Four bytes of that are the number part, the "mantissa", with the fifth byte the exponent ... the "x10^[__]" part in scientific notation, but since it is a binary floating point it is really "x2^[___]".

This is more precision than "standard" 32bit float, and for most floating point applications that the CX16 can handle makes long (64bit) floats pretty much redundant. A standard 32bit float is 23 bits mantissa but thanks to a trick it represents a 24 bit ... three byte ... numeric part, because floating point slides the binary number until the leading bit in front of the "binary" point (not "decimal" point) is a "1", and if you know what it is, you don't have to store it. IOW, if the result of an operation is 0.0011011101...x2^12, that is converted to 1.1011101...x2^9, and only the bits after the binary point are stored. That is an unsigned value, with the sign of the mantissa in the high bit of the floating point number and bits 23-30 as an unsigned value that represents (exponent+127), so 2^0 is binary 127 ($7F).

So standard floating point numbers can PRECISELY represent integers from +/-16,777,216 ... about +/-16.7 million.
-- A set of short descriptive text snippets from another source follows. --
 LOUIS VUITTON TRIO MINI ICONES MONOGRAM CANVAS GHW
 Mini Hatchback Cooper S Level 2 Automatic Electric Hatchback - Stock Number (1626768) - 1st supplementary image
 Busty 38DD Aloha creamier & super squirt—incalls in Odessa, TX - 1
Outside of that range, they can only precisely represent integers that have a appropriate power of 2 as a factor.

By contrast, the Microsoft 6502 "extended" floating points (at Commodore's insistence) can precisely represent integers from +/-4,294,967,296 ... about +/-4.2 billion. The reason for Commodore's insistence is if you do exact accounting, you actually represent dollar values as an integer number of CENTS, so standard 32bit floats can only precisely represent +/-$167,772.16, and to Commodore's way of thinking, that wasn't big enough. A simple eight digit calculator can do better (using signed-magnitude Binary Coded Decimal arithmetic) .... +/-$999,999.99 ... and they weren't going to have an expensive computer system beat by an eight digit calculator!!!

This is actually twice the range of xForth's "double cell" integers, because the floating point are sign+size, while Forth has native signed integers that run from -2,147,483,648 to +2,147,483,647. So while floating point is generally LESS "precision" than scaled fixed point of the same size ... C64 floating point is actually roughly twice as precise as scaled signed 32bit fixed point (it's the same precision as 32bit unsigned, because if the data is unsigned then the mantissa sign flag being clear doesn't give any extra information).
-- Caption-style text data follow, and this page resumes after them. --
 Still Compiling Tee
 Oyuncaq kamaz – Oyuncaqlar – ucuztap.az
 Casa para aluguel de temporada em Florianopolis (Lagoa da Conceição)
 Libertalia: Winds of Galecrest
Still, +/- 2 billion tends to be enough for lots of purposes when you have numbers that don't fit into the signed +/-32,000 ish or unsigned 64 thousand ish of 16bit integers.

geek504 · Post by **geek504** » Mon Aug 31, 2020 8:23 pm

@BruceMcF very refreshing history! I am happy for Commodore's insistence and have a useful extended floating point representation for the X16.

I guess to have an external co-processor would make those ROM routines useless and that doesn't seem to be in the spirit of 8-bit computing... I guess having an external expansion card that functions as a co-processor or as look-up tables would very much be in the spirit of 8-bit hacking!

Just food for thoughts...

SerErris · Post by **SerErris** » Tue Sep 01, 2020 1:20 pm

An external math co processor could be done on an IO extension maybe. But that is most likely even not doing any floatingpoint math... a good mul/div would be already great for integers that are longer than 16bit (e.g. 32x32=64bit mul). But to be honest, that is not really required for any games... 16bit math would be good enough. A math chip would "only" speed up the calculation. Esp. if you are talking about wireframe graphics like ELITE, the limited CPU is really slowing it down. However ... all the 8bit computers had to live with no multiply available.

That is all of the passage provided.